La storia che qui ci viene raccontata è ambientata in un futuro non troppo lontano. La Zirmugh Corporation, la “Grande Z”, sembra ormai controllare il mondo e, dal momento che una severa legge sull’eco-sostenibilità dei prodotti regna sovrana, anche stampare la carta è considerato reato. Sarà compito del giovane ricercatore inglese Arthur J. Adams trovare il frammento mancante di un antico papiro, dal quale dipende la salvezza dell’umanità intera. Gli ostacoli, però, non saranno pochi, a partire dalla misteriosa catena di omicidi apparentemente legati ai sette peccati capitali.
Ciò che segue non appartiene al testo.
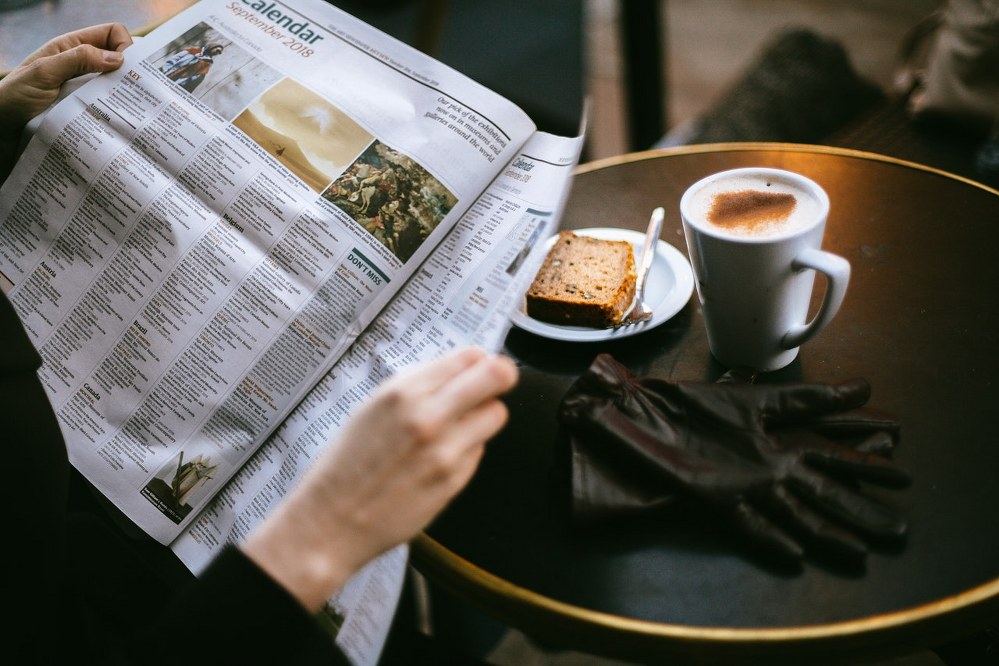 woman on solo travel reading paper and having breakfast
Di carne a fuoco, come si può ben vedere, c’è n’è molta. Troppa, a dir la verità. E i problemi nel gestire tutti questi elementi si fanno sentire eccome. Se a questo aggiungiamo una regia eccessivamente incosciente, un montaggio che vede ingiustificate dissolvenze al nero all’interno di una stessa scena ed attori che, probabilmente a causa della direzione stessa, non sono mai al massimo delle loro prestazioni, ecco che un lungometraggio potenzialmente interessante, che avrebbe potuto affermarsi come uno dei più articolati film di genere prodotti in Italia oggi, finisce ben presto per sgonfiarsi come un palloncino, suscitando, di quando in quando, anche qualche imbarazzata risatina involontaria.
Eppure, grazie soprattutto ai numerosi riferimenti alla letteratura (in particolare alla “Divina Commedia” di Dante Alighieri) ed alla storia dell’arte (a Hieronymus Bosch in primis) – trovate, queste, che spesso e volentieri hanno salvato in corner prodotti altrimenti insufficienti – di spunti interessanti ce n’erano eccome. Non sempre è facile, però, rendere sul grande schermo ciò che inizialmente si ha in mente.
Ad un lavoro come The Broken Key, tuttavia, un merito va di certo riconosciuto: come già è stato accennato, indubbie sono le ottime intenzioni del regista stesso, il quale, nella sua ingenuità dovuta evidentemente alla poca esperienza, ma anche a non poche difficoltà dal punto di vista produttivo, ha comunque dimostrato onestà e buona fede. Cosa, questa, che – se pensiamo ai numerosi lungometraggi che furbamente tentano di ingraziarsi il pubblico con becere trovate – di certo gli fa onore.